Supreme (AI) Transcripts

Leveraging state-of-the-art artificial intelligence models to transcribe Supreme Court of Canada hearings
Author

Simon Wallace

Published

December 5, 2022



Using AI to increase access to law

The Supreme Court of Canada is dedicated to promoting public access to its work, and one way it does this is by broadcasting webcasts of most of its hearings on its website. These webcasts are an invaluable resource for anyone interested in the Court’s proceedings, including lawyers, researchers, law students, and journalists. They allow these groups to see how the Court’s judges engage with the issues before them, and to gain a better appreciation of the Court’s work.

However, video can be an imperfect medium for legal analysis. It is telling that most lawyers prefer to work with transcripts of proceedings because they are faster to review and easier to search.

Video and audio are difficult to analyze quantitatively, making it challenging for researchers to explore patterns in argumentation and advocacy. In contrast, in the United States, transcripts of each Supreme Court case are published, providing researchers with a valuable tool for empirical analysis.

Video also poses accessibility problems. Without closed captions or transcripts, the information in video and audio files is inaccessible to people with some types of sensory disabilities.

To further support access to the Court’s proceedings, and to provide resources to researchers, I have developed an AI transcriptionist that can automatically generate transcripts of the Court’s proceedings from its webcasts. This technology can provide a new user-friendly and accessible way for individuals to access and analyze the Court’s proceedings. It will also enable more comprehensive analyses of the Court’s work, which could provide valuable insights and improve our understanding of Court’s operations.
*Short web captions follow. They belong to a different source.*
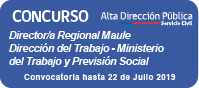 Director/a Regional Región de Maule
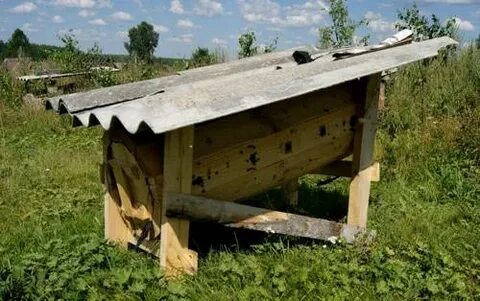 Колодник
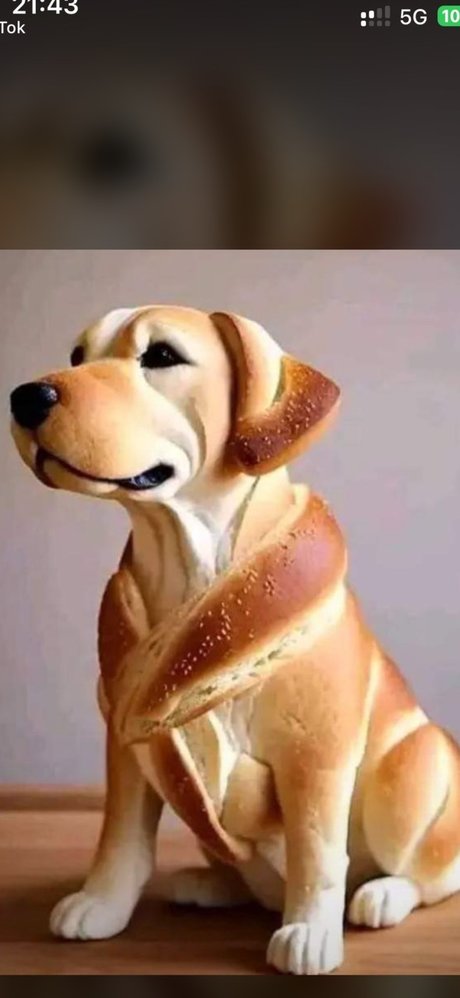 Only pornstar sexy img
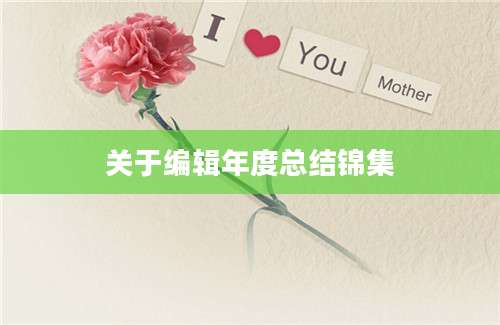 关于编辑年度总结锦集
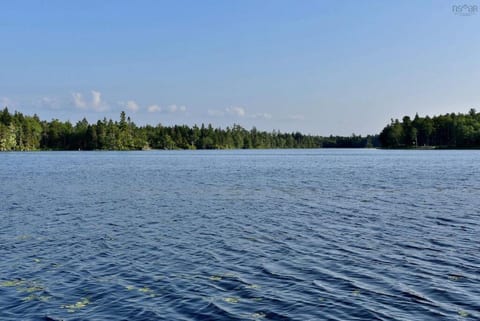 Lakefront Retreat - Idyle Acre - East Lake NS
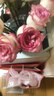 愛(ài)莎玫瑰10枝 曬單實(shí)拍圖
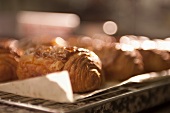 Freshly baked croissants on a baking tray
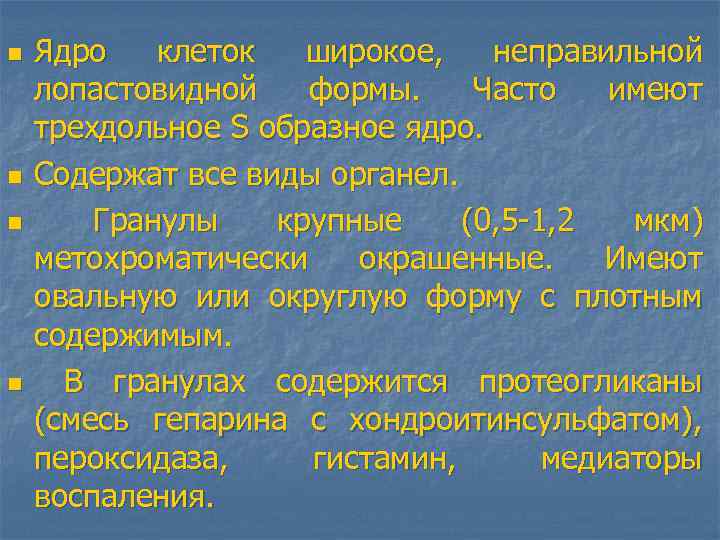 n n Ядро клеток широкое, неправильной лопастовидной формы. Часто имеют трехдольное S образное ядро.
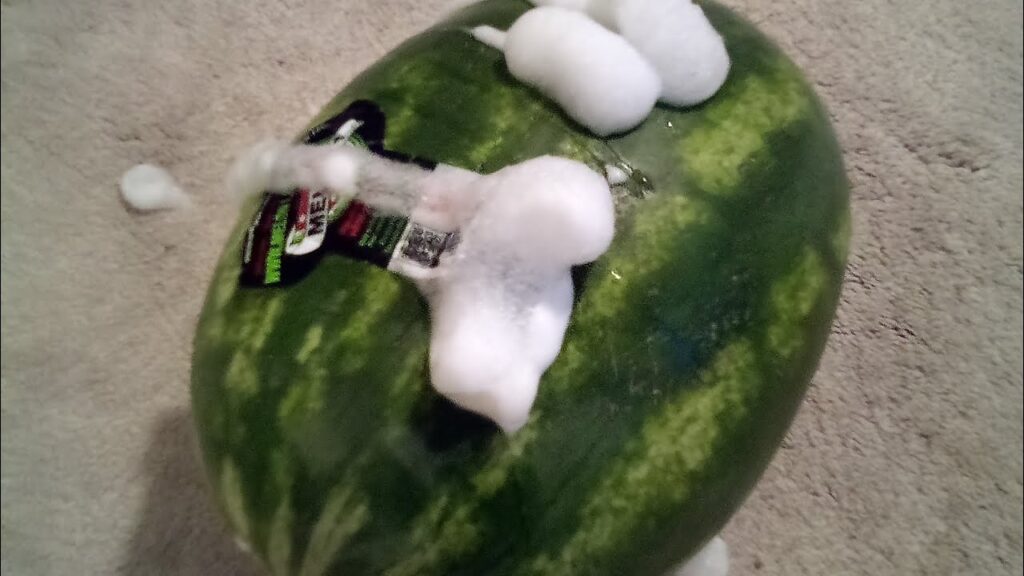 EVERYTHING IS FAKE🍉👀🤯🥶😬!!!!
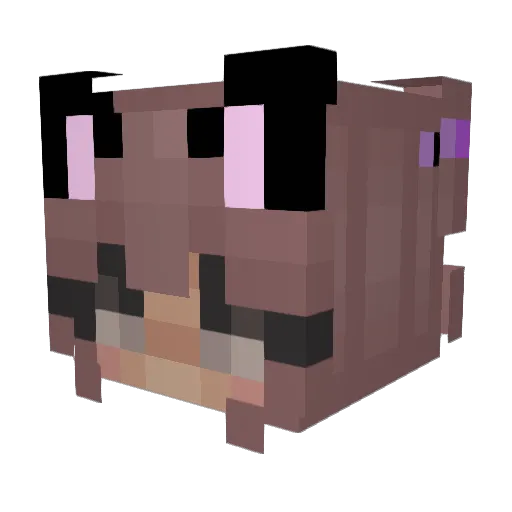 LordKingSalmon Minecraft avatar head, 3D render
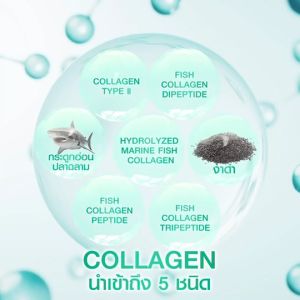 ปวดเข่า ปวดข้อ Ingen collagen5 ลดราคาพิเศษ ซื้อ2ฟรี2ซอง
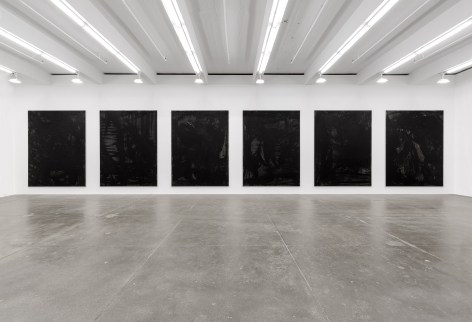 Somewhere Some Pictures Sometimes, Andrew Kreps Gallery, New York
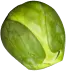 Vegetable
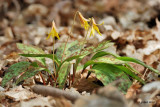 Erytrone d Amrique (Trout lily)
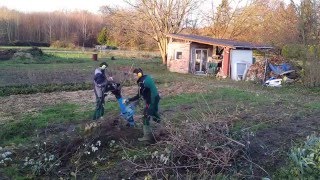 Brombeeren schneiden und häckseln [upl. by Parsifal]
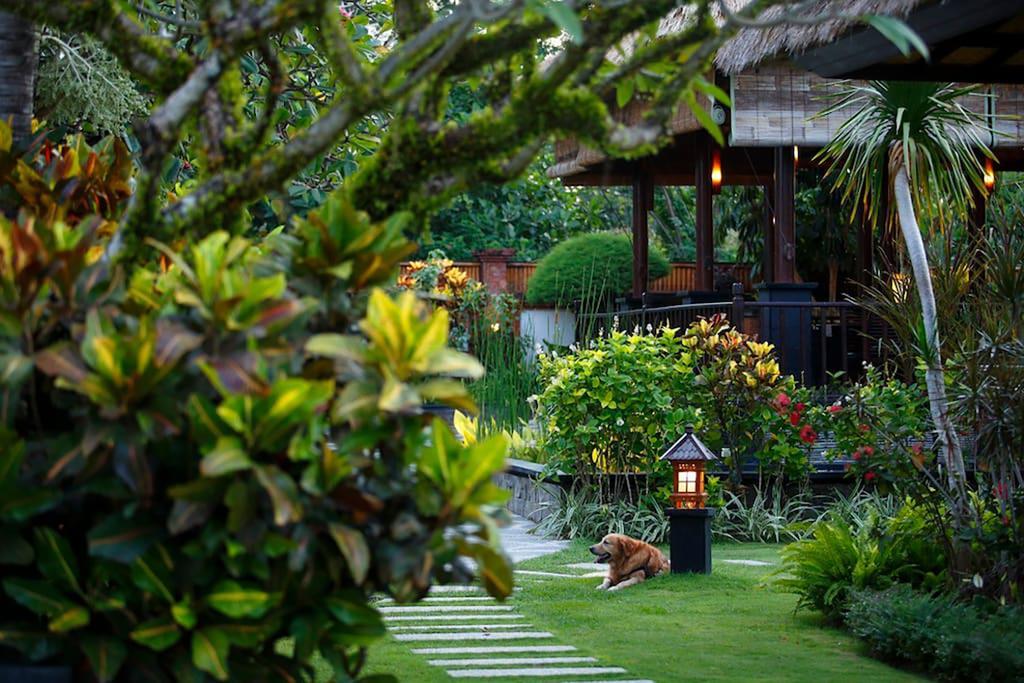 Villa L'Orange Bali Keramas Room photo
Capabilities of an AI transcriber

Today, I am publishing 122 transcripts, covering each webcast published between January 1, 2020 and November 3, 2022. Soon, I will open source all of my code. This transcriptionist can:

  • transcribe hours long hearings in seconds;
  • accurately transcribe French and English;
  • recognize different speakers;
  • note when people are speaking over each other; and,
  • correctly identify Supreme Court of Canada justices.

This is an exciting technological moment. For cents on the dollar, an AI transcriptionist can produce a high fidelity, multi-lingual transcript.

This transcriptionist is based on the latest open-source technology. It uses the whisper and pyannote libraries to accurately transcribe and diarize speech, and the SpeechBrain library for advanced speech recognition.

Limitiations of AI transcripts

Of course, the transcriptionist is far from perfect, and its outputs should be used cautiously. In some cases, the transcriber inappropriately guess at or hallucinates meaning that is not present in the text. In other cases, it inappropriately repeats itself, getting stuck in its own loop.

Consider this example. The AI was trained on over 600,000 hours of audio and it looks like a lot of that audio was from Youtube. Sometimes the AI thinks it knows what someone will say, based on what it has heard before, but gets it wildly wrong. Here, for example, a lawyer did not actually invite the judges to leave their questions in the comments:



Like human transcriptionists, the AI often gets names wrongs and struggles when people speak over each other. Often it won’t quite get the moment of speaker change exactly right, sometimes attributing text to the person who was interrupted over the person who did the interrupting. With further development and time, no doubt the technology will improve.

You will notice that the AI performs better on long texts and poorly on short segments. Notice that each hearing begins with a clerk introducing the Court (‘La Court! The Court!’). Because this introduction is so short and the speaker is distant from the microphone, the AI often gets this introduction wrong.

It is also difficult for the transcriber to consistently apply the same grammar rules to different speakers. My impression is that when people speak slowly and read from a prepared text, the transcriber does a better job if splitting up sentences and applying correct punctuation. As people begin to speak faster, it is harder for the AI to keep up and determine how the text should be organized.